Niemcy nie wpuścili Amerykanów na polskie manewry. "Badamy okoliczności sprawy"
Gen. Marek Tomaszycki, Dowódca Operacyjny Rodzajów Sił Zbrojnych, przekazał w środę po posiedzeniu sejmowej komisji obrony, że niemieckie władze wprowadziły ograniczenia w wykorzystaniu dróg i autostrad a także nie zezwoliły na przekroczenie polsko-niemieckiej granicy przez wojska amerykańskie. Podobne stanowisko
– Ja nie wiem, czy taka decyzja rzeczywiście została podjęta (...) Będziemy na ten temat rozmawiać – poinformował z kolei w czwartek na antenie TVN24 Witold Waszczykowski, odnosząc się do tych informacji.
Niemcy „badają sprawę”
Szeroko komentowana wypowiedź gen. Marka Tomaszyckiego o braku współpracy ze strony niemieckiej spotkała się z reakcją tamtejszego ministerstwa obrony. Dziś portal Onet około 14:00 podał, że Niemcy twierdzą, że „badają sprawę”. – Nie wiemy, co dokładnie zostało powiedziane, badamy okoliczności sprawy.

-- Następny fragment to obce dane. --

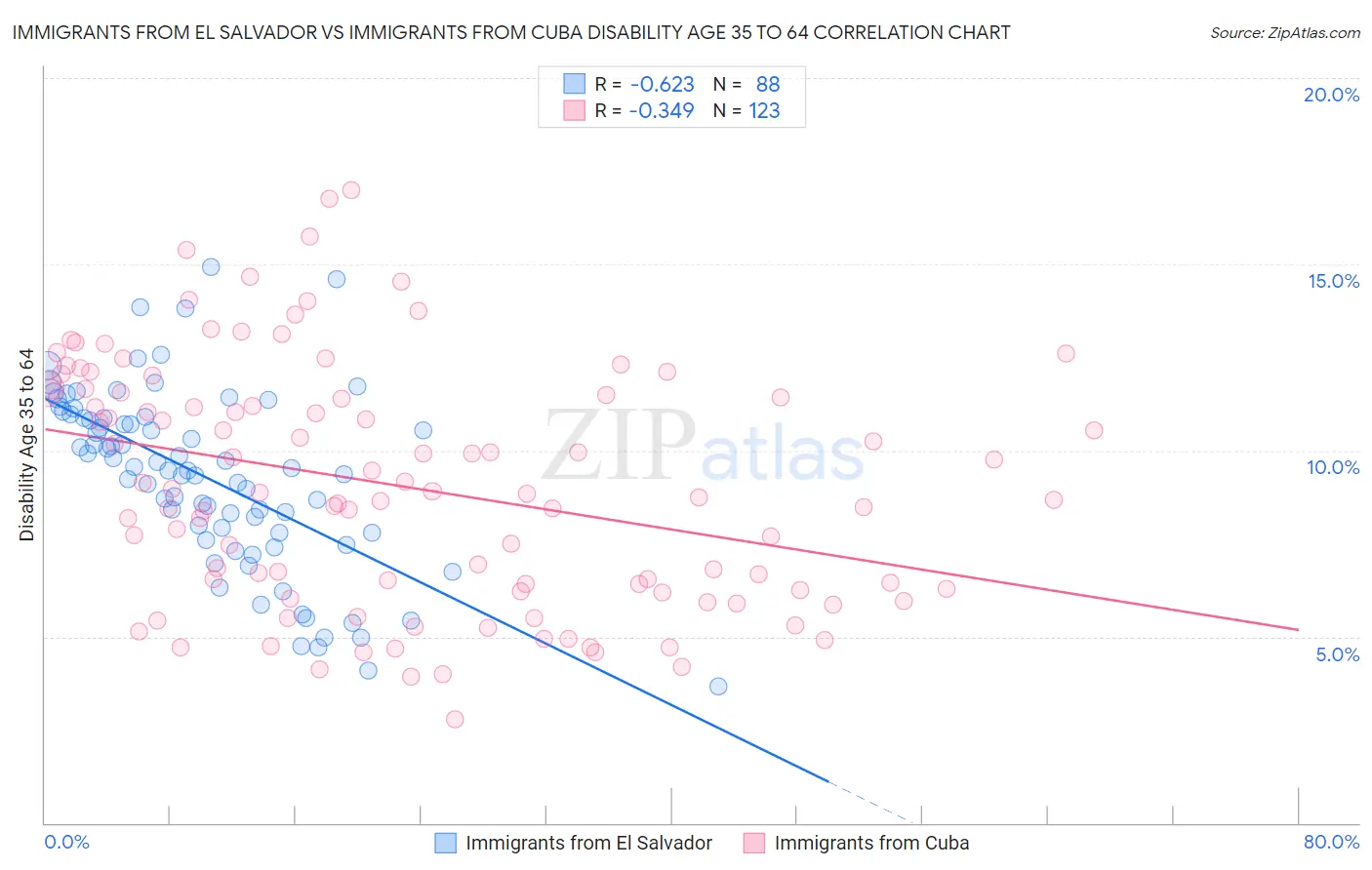 Immigrants from El Salvador vs Immigrants from Cuba Disability Age 35 to 64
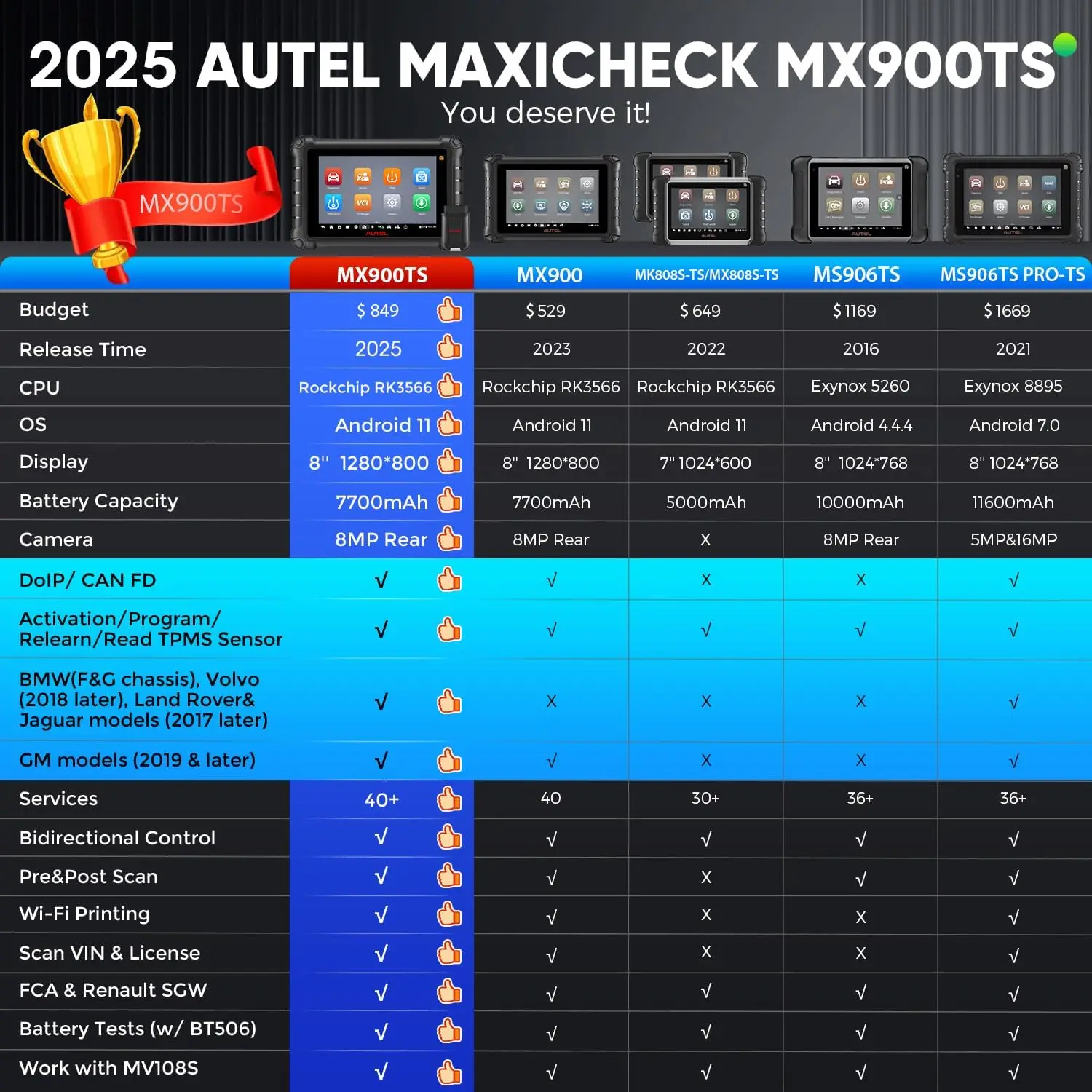 Autel MaxiCheck MX900TS MX900-TS الماسح الضوئي التشخيصي لجميع الأنظمة مع وظائف TPMS الكاملة والتحكم ثنائي الاتجاه 40+ خدمات #2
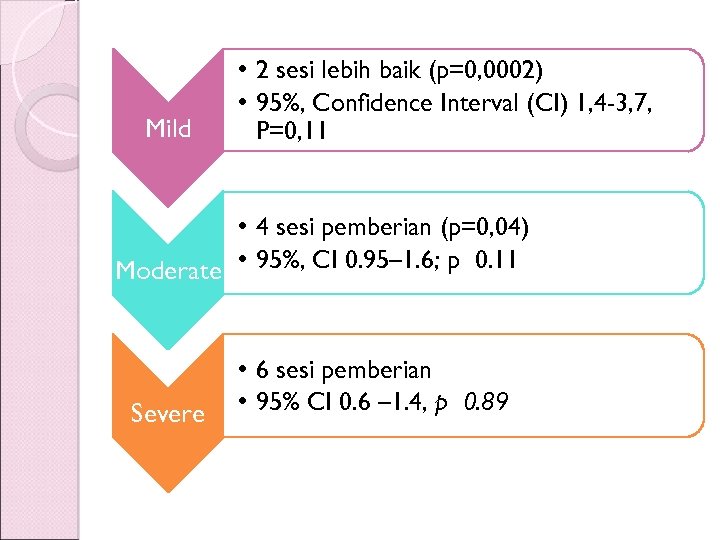 Mild • 2 sesi lebih baik (p=0, 0002) • 95%, Confidence Interval (CI) 1,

Wieczorem będziemy w stanie dać szczegółową odpowiedź – przekazał podpułkownik Gero von Fritschen. – Sprawą interesują się również media niemieckie – zwrócił uwagę.
Oświadczenie ambasady
W związku z oskarżeniami niemiecka ambasada w Polsce wydała oświadczenie, w którym zaprzeczyła słowom gen. Marka Tomaszyckiego. „Współpraca niemieckich władz z polskimi władzami i amerykańskimi siłami zbrojnymi w sprawie tranzytu oraz przygotowania manewrów wojskowych 'Anakonda' jest ścisła i znakomita” – czytamy. Niemieccy dyplomaci zapewniają, że wszystko odbywa się zgodnie z ustalonymi w umowach międzynarodowych procedurami. Ponadto ambasada tłumaczy, że niemieckie władze wskazały dwie możliwe trasy.
Swoje słowa tłumaczył także sam generał Tomaszycki. – Dla nas po wojskowemu jest to odmowa. W politycznym języku zapewne będzie to usprawiedliwione uzasadnienie tego, że nie ma możliwości przejścia po tych drogach – stwierdził.